Por supuesto, el factor humano, que la ballena tenga emociones —al contrario de lo que reza el ensayo que lee Charlie para sobrevivir—, conduce a que esa fórmula sea desbalanceada hacia lo horroroso en tanto angustia: terror por el destino del hombre. Durante los primeros veinte minutos el relato embate hasta hacer sentir pena por el protagonista, todos lo castigan. Casi cayendo así en el burdo sentimentalismo.

Conforme se avanza en la trama este modelo de tensión se agudiza y se extrapola de lo meramente visual a lo moral. Allí, en ese movimiento que sortea el sentimentalismo, quizá radique lo más interesante de la propuesta de Aronofsky.
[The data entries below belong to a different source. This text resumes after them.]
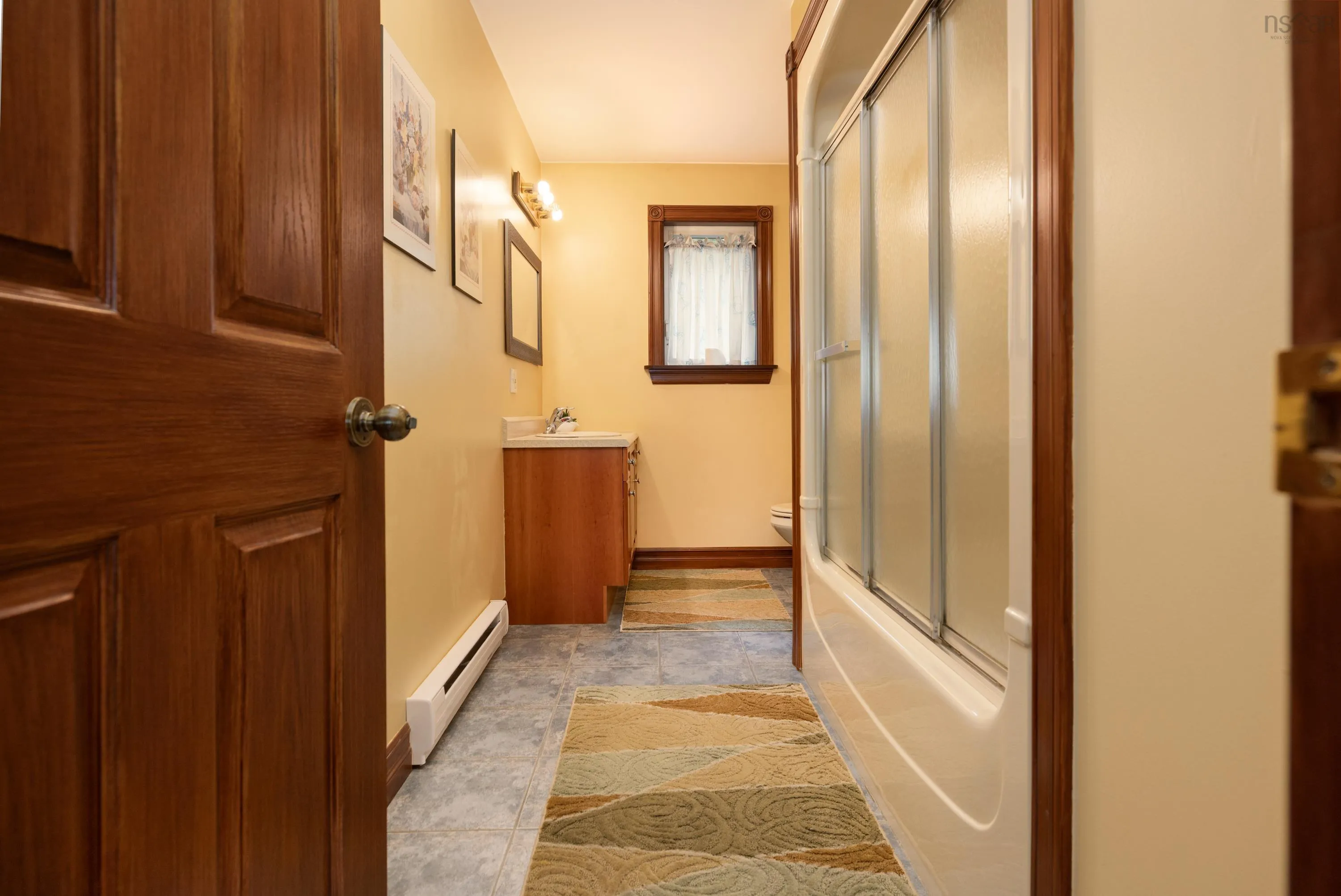 11 Millview Avenue, Bedford, NS B4A 1G8, 5 Bedrooms Bedrooms, ,5 BathroomsBathrooms,Residential,For Sale,Millview,202512663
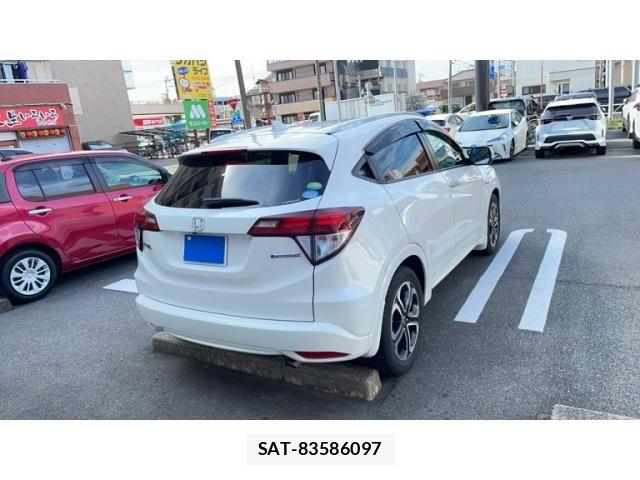 Honda VEZEL 2015-03 8232276-2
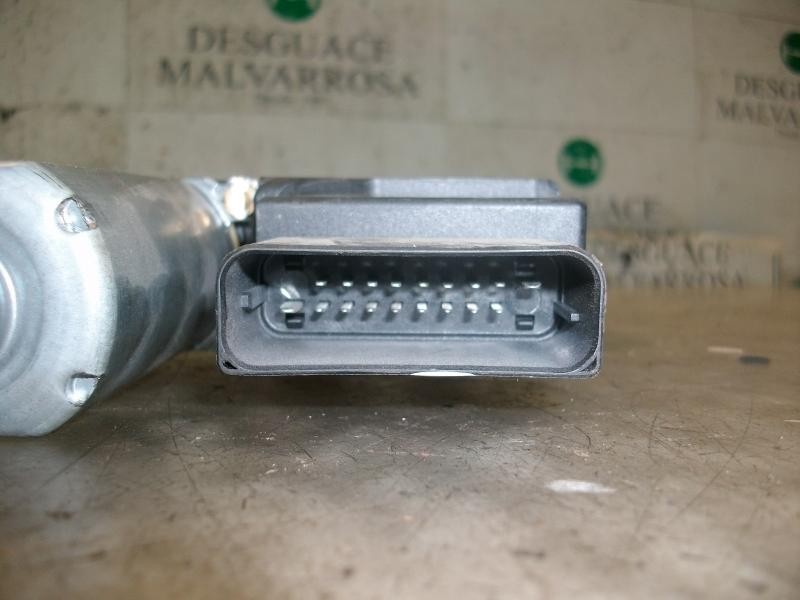 Recambio de motor elevalunas trasero izquierdo para volkswagen passat berlina (3b2) highline referencia OEM IAM   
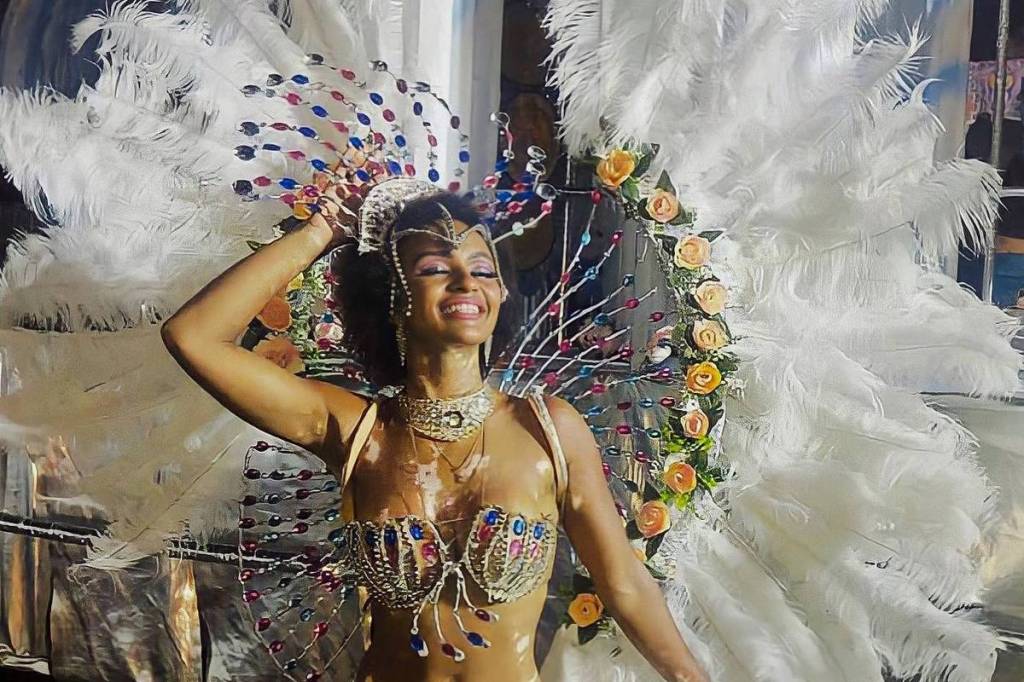 O Carnaval do BBB: Natália é aguardada no desfile da Beija-Flor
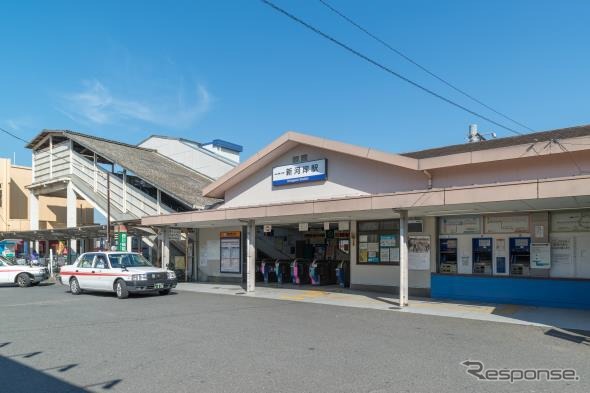 新河岸駅の旧駅舎。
Porque lo sublime horroroso de lo corpóreo, es nimio frente al optimismo autodestructivo de Charlie, que permea todos sus vínculos. En la ambigüedad de que dentro de sí coexistan la esperanza y la bondad más beata con la pulsión suicida-egocéntrica yace el oxímoron más grande. Así, con ese eje conductor que se despega del juicio físico, el director nos surte golpes de efecto, poniendo en cuestión las decisiones de Charlie a lo largo de su vida: contando, por ejemplo, sobre como abandonó a su familia por un amorío con un estudiante. Luego dándole la palabra para explicar que la situación no fue tan así, que siempre envió dinero a su hija y se preocupaba por ella.

Entre esos idas y vueltas, que nos ceden la responsabilidad de juzgar un relato ambiguo, y la indiscutible química entre Fraser y Hong Chau (Liz), La Ballena alcanza su tope. Virtud y a la vez defecto de Aronofsky no haberse tentado por el exceso al que nos tiene acostumbrados, cuyos resultados podrían haber sido desastrosos, y elaborar demasiado prolijamente un relato que, sin embargo, no puede hilar su inteligente núcleo principal con la cantidad de ideas y temas que pululan a su alrededor.

El cambalache de religión, política, salud mental, homosexualidad, escritura y demás tópicos rondan de manera subyacente los conflictos narrativos centrales quedándose a mitad de camino. A veces como menciones planas inconexas, otras como recurrentes leitmotiv, pero en definitiva jamás explorados con la profundidad suficiente para que La Ballena se eleve en calidad de memorable.